There were many categories for divorce; if one person changed his or her mind the next day, if a partner turned out to be infertile or wait seven years and divide everything.

A song in our century once asked, "What's love got to do with it?" The answer in Wales: "Nothing!"

JB:  Can you give us something of the flavor of the law in Wales in the Ninth Century?  What are some specifics that would feel odd to us today?

LSW:  Law prescribed everything possible. The seating arrangement in the Great Hall included specific people who would sit with the King, including the priest. He would sing the Pater Noster before meals. The falconer and the bard had places of honor.

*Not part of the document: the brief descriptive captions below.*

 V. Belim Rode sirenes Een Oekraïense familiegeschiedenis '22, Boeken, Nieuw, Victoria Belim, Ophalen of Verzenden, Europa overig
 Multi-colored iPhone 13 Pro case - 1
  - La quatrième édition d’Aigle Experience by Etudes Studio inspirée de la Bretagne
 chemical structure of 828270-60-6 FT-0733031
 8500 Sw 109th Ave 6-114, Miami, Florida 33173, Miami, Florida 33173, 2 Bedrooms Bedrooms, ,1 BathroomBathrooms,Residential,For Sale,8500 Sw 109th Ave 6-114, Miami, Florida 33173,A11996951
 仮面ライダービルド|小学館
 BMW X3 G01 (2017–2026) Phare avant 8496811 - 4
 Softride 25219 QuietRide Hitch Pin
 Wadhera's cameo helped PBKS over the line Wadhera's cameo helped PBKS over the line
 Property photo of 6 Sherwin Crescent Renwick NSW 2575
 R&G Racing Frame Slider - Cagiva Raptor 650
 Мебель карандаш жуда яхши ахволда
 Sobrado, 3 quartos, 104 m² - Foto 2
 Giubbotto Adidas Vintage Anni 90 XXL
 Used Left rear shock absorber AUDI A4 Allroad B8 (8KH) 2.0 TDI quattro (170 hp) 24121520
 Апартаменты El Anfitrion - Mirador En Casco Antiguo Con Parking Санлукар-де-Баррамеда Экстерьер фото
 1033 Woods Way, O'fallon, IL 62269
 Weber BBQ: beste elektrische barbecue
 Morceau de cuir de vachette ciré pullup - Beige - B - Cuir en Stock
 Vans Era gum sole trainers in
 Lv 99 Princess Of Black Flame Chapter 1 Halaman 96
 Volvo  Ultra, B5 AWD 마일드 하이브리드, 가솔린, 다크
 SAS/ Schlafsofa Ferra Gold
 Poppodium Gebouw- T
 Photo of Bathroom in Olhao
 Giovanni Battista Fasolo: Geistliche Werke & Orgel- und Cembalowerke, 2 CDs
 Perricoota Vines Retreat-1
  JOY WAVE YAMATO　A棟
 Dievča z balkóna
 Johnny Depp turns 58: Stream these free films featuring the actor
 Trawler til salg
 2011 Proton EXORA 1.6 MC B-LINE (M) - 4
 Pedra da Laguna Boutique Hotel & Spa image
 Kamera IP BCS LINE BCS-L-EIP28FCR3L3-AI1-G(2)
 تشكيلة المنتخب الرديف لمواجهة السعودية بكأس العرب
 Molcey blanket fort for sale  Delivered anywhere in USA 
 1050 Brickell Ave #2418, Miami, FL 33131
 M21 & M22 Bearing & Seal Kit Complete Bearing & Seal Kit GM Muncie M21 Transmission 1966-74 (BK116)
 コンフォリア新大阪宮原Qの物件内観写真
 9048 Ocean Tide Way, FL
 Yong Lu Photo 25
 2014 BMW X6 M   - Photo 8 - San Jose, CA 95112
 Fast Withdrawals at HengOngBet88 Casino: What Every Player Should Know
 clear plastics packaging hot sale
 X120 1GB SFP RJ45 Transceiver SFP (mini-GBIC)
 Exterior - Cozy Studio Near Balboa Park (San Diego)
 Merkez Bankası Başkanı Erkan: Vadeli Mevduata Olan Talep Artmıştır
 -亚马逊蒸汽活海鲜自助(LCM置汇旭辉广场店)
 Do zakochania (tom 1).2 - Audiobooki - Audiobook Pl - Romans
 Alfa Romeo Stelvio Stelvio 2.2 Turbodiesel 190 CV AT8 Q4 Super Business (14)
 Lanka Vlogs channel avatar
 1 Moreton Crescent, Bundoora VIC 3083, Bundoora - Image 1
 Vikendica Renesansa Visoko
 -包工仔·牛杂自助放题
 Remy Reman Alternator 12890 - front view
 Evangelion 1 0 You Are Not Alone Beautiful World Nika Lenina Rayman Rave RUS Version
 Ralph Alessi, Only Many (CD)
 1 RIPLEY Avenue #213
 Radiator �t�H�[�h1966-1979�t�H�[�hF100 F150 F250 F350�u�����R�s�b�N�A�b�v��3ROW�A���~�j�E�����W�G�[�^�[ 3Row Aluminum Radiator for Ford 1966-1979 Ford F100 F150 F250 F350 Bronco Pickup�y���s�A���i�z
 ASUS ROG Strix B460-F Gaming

The law stated that if the queen desired to hear more music, the bard would play quietly, just for her.

'Claim-time' occurred once a year when people who'd been arguing needed to settle the affair or have the king step in. The only capital offence was theft; in a land where controlled order was needed, to steal was anathema.

JB:  So you could say law dealt mainly with property.

LSW:  Every man, woman and child had a specific 'price' that would be considered by the King if a person was harmed. 'Honor price' entered the stage and could never be ignored. 

Land law, surety, how to treat a person not born in Wales were logistically calculated as were dogs, tamed or wild.  Then to the truly different: all of the king's possessions had a specific price, including his cat, who was worth a sheep and a lamb if killed or stolen.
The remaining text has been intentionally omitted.